Almanya çok taraflı ilişkileri güçlendirmek için çalışıyor
Almanya Dışişleri Bakanı Heiko Maas uluslararası düzenin temel taşı olan Birleşmiş Milletler Güvenlik Konseyi’nde Almanya’nın rolünü açıklıyor.
Almanya 1 Ocak 2019 tarihinden bu yana 2019/2020 dönemi için Birleşmiş Milletler Güvenlik Konseyinin geçici üyesi. Bu görev süresiyle birlikte Almanya altıncı kez geçici üye olarak tüm dünyada barış ve güvenlik için önemli bir sorumluluk üstleniyor.
Birleşmiş Milletler Güvenlik Konseyi'ndeki 2 yıl sürecek olan üyeliğimiz 1 Ocak 2019 tarihinde başlamış bulunuyor. Haziran 2018 de 184 devlet bizim için oy vererek bu zor dönemde büyük bir güven göstergesinde bulunmuştur. İçinde bulunduğumuz acil krizlere ve çatışmalara somut çözümlerin bulunmasına Konsey bünyesinde katkıda bulunmak istiyoruz.
Güvenlik Konseyi aynı zamanda, çok taraflılık ve kurallar bazında bir uluslararası düzen konusunda harcayacağımız çabaların merkezi olacaktır. Tüm eleştirilere rağmen, kriz diplomasisinin bu önemli kurumu olmadan dünya düzeninin nasıl olacağını düşünmek bile istemiyorum. Almanya, güvenliğimizin ve refahımızın temelini oluşturan çok taraflı işbirliğinden geçmişte çok yararlanmıştır. İşbirliği içerisinde olmanın, uluslararası eşgüdüm sağlamanın, ortak kurallar oluşturup uygulamanın herkesin yararına olduğunu her zaman deneyimlemekteyiz. “Together first” bizim ilkemizdir.

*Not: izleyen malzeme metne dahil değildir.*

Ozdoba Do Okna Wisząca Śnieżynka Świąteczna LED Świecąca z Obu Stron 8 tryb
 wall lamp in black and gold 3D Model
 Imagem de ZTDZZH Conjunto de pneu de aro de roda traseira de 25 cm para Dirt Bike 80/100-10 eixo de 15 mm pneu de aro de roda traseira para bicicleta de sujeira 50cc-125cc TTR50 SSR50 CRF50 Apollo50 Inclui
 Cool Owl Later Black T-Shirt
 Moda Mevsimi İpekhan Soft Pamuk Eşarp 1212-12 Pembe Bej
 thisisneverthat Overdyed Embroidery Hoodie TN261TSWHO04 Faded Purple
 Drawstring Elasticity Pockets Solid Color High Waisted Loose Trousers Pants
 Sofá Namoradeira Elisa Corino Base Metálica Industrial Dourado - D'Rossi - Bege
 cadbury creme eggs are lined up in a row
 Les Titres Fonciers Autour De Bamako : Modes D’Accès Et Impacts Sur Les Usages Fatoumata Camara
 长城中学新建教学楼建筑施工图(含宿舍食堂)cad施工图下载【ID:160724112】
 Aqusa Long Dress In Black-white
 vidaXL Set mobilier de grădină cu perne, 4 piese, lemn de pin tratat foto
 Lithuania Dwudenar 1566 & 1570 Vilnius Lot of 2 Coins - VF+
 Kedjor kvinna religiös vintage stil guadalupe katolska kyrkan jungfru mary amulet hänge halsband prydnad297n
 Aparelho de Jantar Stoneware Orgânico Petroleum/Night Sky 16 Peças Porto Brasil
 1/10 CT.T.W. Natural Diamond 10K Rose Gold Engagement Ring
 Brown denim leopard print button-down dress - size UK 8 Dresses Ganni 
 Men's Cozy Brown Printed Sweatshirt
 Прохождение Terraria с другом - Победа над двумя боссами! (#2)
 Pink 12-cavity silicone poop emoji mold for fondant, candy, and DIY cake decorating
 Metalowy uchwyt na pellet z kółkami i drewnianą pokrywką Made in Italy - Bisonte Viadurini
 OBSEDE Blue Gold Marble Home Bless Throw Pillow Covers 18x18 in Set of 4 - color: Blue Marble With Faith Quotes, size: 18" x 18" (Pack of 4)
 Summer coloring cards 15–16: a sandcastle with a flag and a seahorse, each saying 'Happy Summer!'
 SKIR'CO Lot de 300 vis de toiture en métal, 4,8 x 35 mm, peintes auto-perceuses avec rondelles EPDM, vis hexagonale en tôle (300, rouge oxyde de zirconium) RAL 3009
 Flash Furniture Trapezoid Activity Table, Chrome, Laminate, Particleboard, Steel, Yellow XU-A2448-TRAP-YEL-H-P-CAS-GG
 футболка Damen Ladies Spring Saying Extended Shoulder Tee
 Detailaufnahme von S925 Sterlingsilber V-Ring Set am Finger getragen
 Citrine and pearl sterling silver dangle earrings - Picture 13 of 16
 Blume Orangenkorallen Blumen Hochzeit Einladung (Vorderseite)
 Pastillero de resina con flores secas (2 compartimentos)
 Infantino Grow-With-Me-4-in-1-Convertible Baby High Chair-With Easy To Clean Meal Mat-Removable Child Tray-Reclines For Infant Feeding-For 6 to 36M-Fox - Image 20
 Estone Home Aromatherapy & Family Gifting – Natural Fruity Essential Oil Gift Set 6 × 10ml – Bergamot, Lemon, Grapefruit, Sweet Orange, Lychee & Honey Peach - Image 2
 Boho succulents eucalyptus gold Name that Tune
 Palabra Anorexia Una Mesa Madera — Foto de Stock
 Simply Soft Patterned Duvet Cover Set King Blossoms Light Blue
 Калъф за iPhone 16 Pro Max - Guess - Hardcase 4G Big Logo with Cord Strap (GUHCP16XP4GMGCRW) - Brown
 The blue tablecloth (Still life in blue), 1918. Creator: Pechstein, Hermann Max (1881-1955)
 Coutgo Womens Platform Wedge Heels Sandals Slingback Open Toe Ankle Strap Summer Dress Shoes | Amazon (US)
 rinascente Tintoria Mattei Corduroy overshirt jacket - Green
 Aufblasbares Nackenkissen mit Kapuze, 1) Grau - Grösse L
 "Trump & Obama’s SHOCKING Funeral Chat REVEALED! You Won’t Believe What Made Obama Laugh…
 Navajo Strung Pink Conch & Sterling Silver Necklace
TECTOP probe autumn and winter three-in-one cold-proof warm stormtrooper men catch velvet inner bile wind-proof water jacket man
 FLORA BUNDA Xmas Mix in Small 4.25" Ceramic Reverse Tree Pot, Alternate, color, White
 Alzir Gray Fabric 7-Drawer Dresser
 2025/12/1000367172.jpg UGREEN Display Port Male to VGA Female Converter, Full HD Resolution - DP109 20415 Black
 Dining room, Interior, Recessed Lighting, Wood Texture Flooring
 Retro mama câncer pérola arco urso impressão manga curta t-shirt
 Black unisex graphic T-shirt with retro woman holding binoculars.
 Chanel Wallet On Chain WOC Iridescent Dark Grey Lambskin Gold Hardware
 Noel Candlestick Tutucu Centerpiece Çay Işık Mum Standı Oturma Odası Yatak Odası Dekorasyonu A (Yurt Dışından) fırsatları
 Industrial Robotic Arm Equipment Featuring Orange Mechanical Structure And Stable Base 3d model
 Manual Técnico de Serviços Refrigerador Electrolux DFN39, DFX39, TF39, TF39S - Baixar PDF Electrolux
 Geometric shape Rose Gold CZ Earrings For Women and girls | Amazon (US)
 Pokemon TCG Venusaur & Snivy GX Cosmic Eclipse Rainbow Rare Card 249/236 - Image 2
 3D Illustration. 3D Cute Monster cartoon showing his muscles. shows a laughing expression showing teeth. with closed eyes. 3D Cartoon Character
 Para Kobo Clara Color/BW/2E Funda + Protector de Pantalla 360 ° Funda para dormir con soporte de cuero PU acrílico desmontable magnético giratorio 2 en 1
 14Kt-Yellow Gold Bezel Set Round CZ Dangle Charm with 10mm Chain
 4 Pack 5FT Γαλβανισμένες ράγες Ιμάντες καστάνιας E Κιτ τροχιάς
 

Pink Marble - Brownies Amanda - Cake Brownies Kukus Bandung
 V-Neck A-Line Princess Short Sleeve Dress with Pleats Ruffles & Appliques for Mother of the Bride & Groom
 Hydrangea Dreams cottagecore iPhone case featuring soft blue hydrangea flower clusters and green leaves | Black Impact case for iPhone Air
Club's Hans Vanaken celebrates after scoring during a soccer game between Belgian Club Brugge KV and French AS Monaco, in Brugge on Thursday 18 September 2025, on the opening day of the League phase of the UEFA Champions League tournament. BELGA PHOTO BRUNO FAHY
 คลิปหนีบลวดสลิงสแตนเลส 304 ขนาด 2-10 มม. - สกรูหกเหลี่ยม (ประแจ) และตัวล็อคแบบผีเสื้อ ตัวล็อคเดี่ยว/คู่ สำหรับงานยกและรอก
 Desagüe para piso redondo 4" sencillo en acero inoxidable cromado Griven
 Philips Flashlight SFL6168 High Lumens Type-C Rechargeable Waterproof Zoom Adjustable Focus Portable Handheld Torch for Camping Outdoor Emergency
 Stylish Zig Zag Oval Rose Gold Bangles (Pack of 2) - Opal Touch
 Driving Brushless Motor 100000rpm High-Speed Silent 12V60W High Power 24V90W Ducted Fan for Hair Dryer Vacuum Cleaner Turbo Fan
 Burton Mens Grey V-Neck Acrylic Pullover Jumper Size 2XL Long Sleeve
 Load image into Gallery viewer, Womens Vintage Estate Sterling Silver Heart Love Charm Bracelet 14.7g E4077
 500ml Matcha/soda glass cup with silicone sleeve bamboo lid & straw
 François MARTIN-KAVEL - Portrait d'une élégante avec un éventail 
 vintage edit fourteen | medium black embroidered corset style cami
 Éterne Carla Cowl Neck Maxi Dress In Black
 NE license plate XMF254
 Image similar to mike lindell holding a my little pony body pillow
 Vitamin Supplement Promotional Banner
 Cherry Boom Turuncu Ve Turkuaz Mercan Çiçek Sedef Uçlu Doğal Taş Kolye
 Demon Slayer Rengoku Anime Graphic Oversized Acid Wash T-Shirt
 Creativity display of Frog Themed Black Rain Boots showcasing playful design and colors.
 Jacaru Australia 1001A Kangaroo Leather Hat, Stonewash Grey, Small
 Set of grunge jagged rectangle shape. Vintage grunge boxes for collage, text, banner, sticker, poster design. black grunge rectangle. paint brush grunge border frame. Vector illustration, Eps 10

Avrupa’nın sesini Güvenlik Konseyi’nin diğer Avrupalı üyeleriyle birlikte New York’ta daha güçlü bir şekilde duyurmak istiyoruz. Eğer Avrupalılar olarak ortak bir tutum içinde olursak, sesimiz daha da etkili olur. 2019 Mart ve Nisan aylarında Fransa ile ortak başkanlıklar planladığımız için özellikle mutluluk duymaktayım. Güvenlik Konseyi’nde bunun örneği yoktur ve bu girişim New York’ta güçlü bir Avrupa’ya ve Aachen Anlaşması’na işaret etmektedir. İnsanî devletler hukukunun ve insani ilkelerin güçlendirilmesine Almanya ve Fransa birlikte ağırlık vermek istiyorlar. Güvenlik Konseyi’nde krizlerin önlenmesi ve kalıcı barışın sağlanması yönünde elbirliğiyle çaba harcamak istiyoruz. Bu bağlamda Konseyin İnsan Hakları Konseyi gibi BM sistemindeki diğer kurullarla işbirliğinin daha iyi olması da önem taşımaktadır.
Bunun için iklim değişikliğinin barışa ve güvenliğe etkilerinin üzerinde de daha fazla durulması gerekmektedir. İklim ve güvenlik konuları Ocak ayında üyeliğimizin başlangıcında da gündem konusuydu. Tartışmalar şu gerçeği ortaya koymuştur: Güvenlik Konseyi iklim değişikliğinin barış ve güvenlik üzerindeki etkilerini göz ardı etmemeli. İklim değişikliği küresel etkileri olan bir gerçektir ve bundan ötürü tüm çatışma durumlarında hesaba katılmalıdır.
Başkanlığımız süresince silahsızlanma ve yayılmama konusundaki çabalarımızı da yoğunlaştırmak ve “Kadınlar, Barış ve Güvenlik” başlıklı gündemin desteklenmesi için çaba harcamak istiyoruz. Bunun için kadınların cinsel şiddetten daha iyi korunmaları ve barış süreçlerindeki rollerinin güçlendirilmesi gerekmektedir.
Almanya, insanî yardım konusunda dünya çapında en büyük donörlerden biri olarak veya Doğu Ukrayna’da N4 formatında ve Suriye’de “small group” formülünde olduğu gibi, somut kriz durumlarında çabalarını yıllardır sürdürmektedir.
Önümüzdeki iki yıl süresince Almanya olarak Güvenlik Konseyi’ne katkıda bulunmaktan ve Avrupa’nın belirgin bir sesi olmaktan mutluluk duyacağız. Böylece çok taraflılığın canlı bir örneği olacağız, zira buna daha çok ihtiyacımız olacak!